■ WHAT IS REQUIRED
With the pictures omitted, output word for word the lines from the one containing "Нажмите и удерживайте" through the end of the records.

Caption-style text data
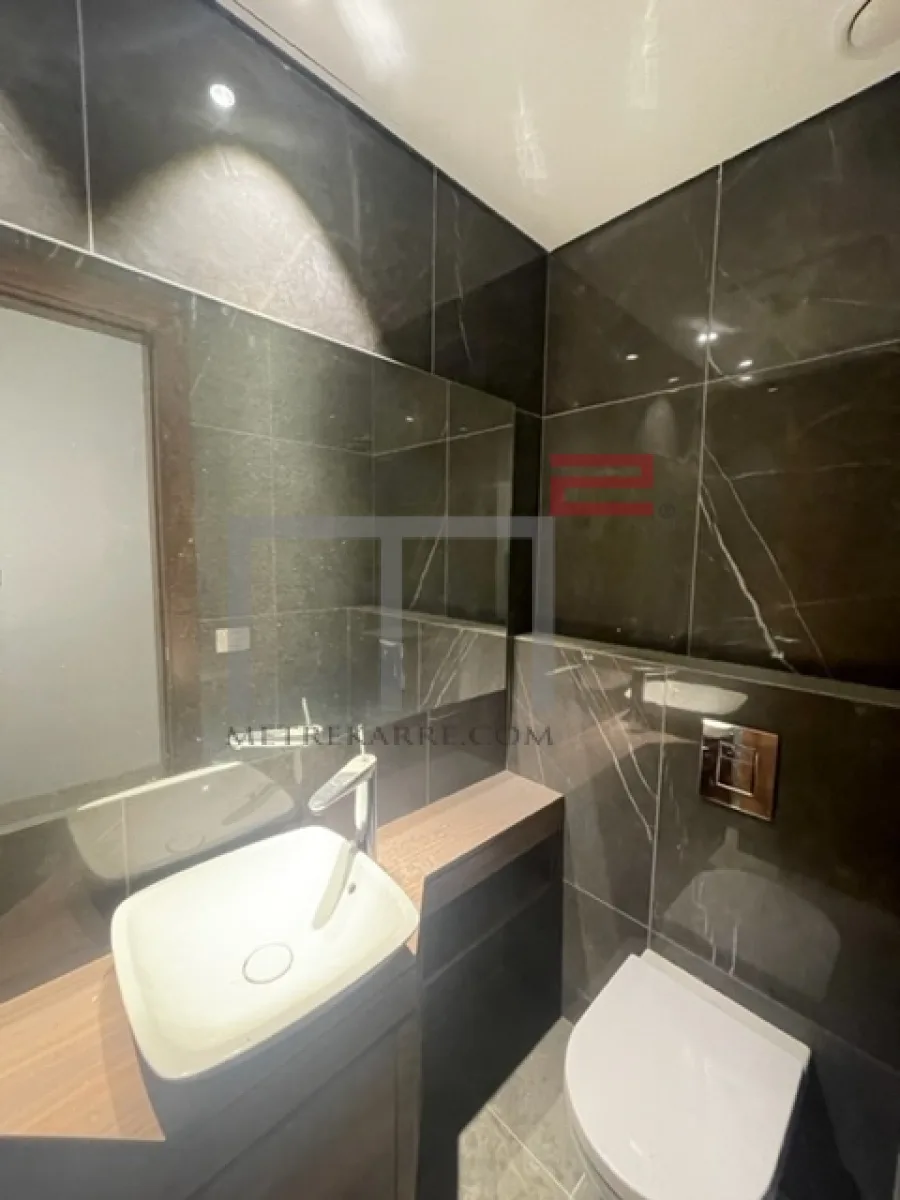 Apartment for Sale in Furn El Hayek — الصورة 4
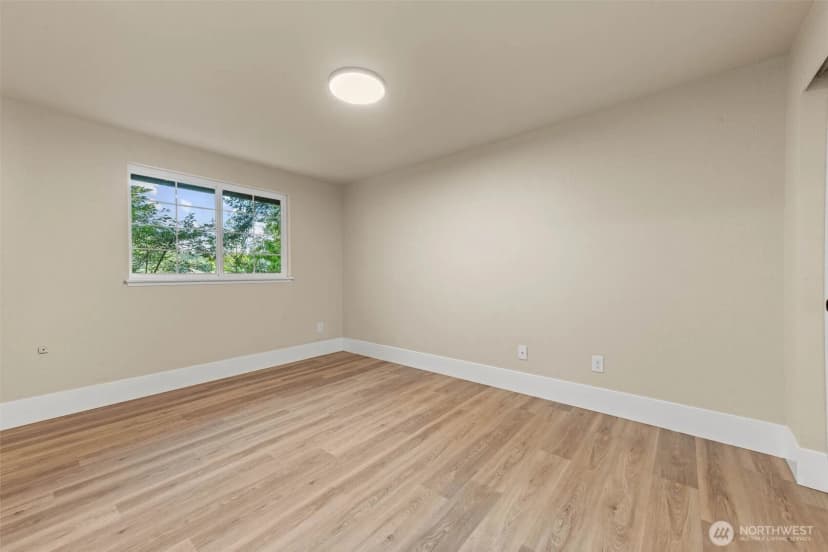 Property photo for 136 Rainier Acres Road Se, Rainier photo 15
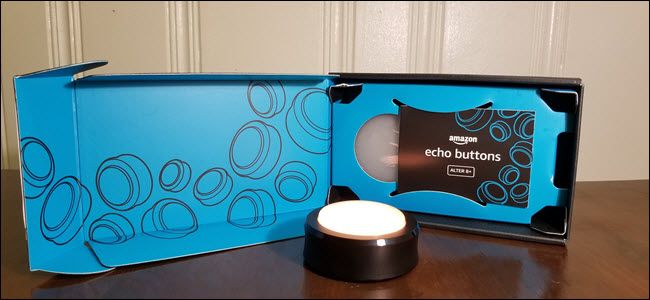 Нажмите и удерживайте Echo Button до срабатывания оранжевого индикатора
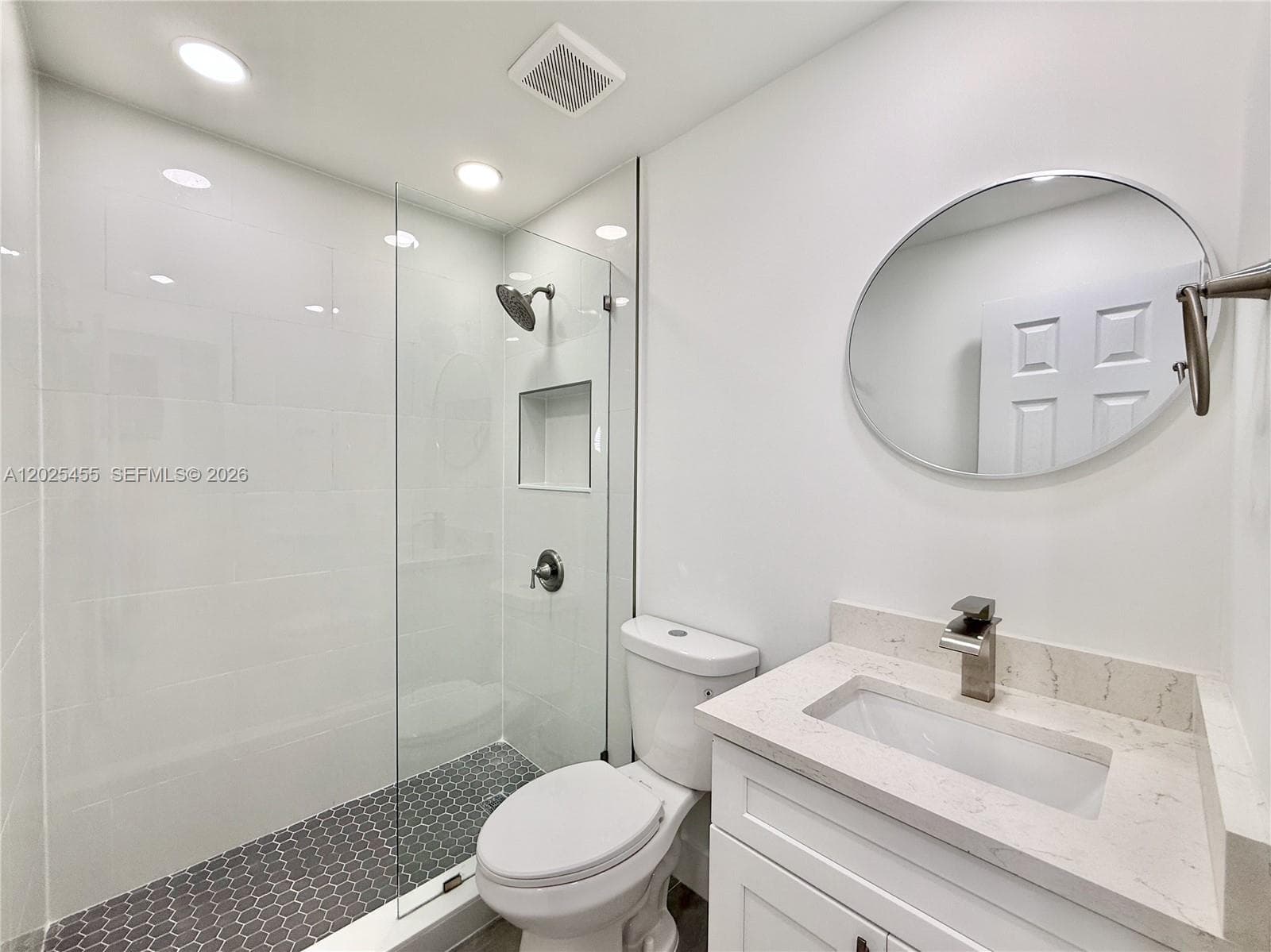 10209 SW 20th Ter photo 17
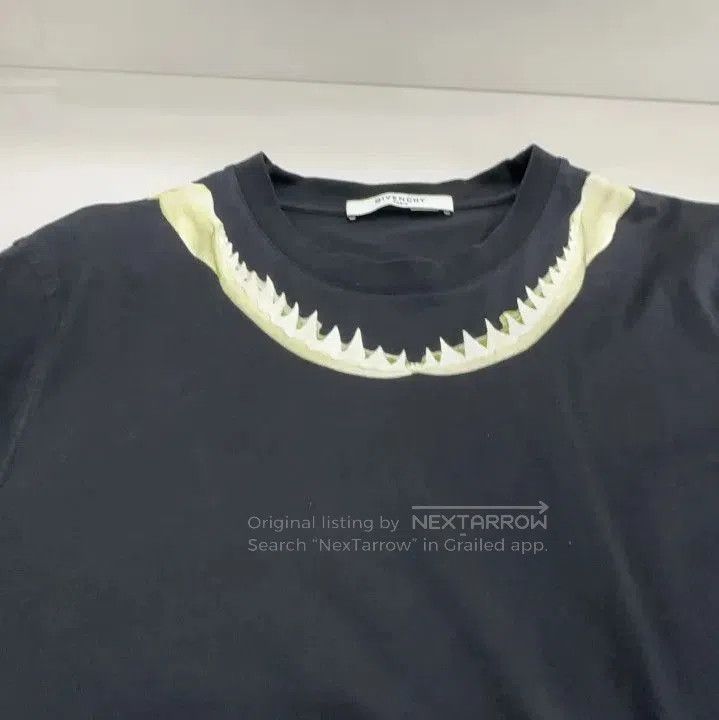 Givenchy Givenchy Black Short-Sleeve Print Shirt. Size US L / EU 52-54 / 3 - 7 Thumbnail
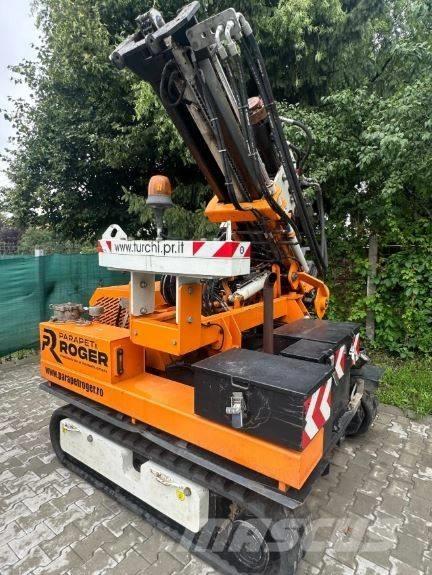  TURCHI 300F Камиони с подвижни сондажни кули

■ REPLY TO THE EXERCISE
 Нажмите и удерживайте Echo Button до срабатывания оранжевого индикатора
 10209 SW 20th Ter photo 17
 Givenchy Givenchy Black Short-Sleeve Print Shirt. Size US L / EU 52-54 / 3 - 7 Thumbnail
  TURCHI 300F Камиони с подвижни сондажни кули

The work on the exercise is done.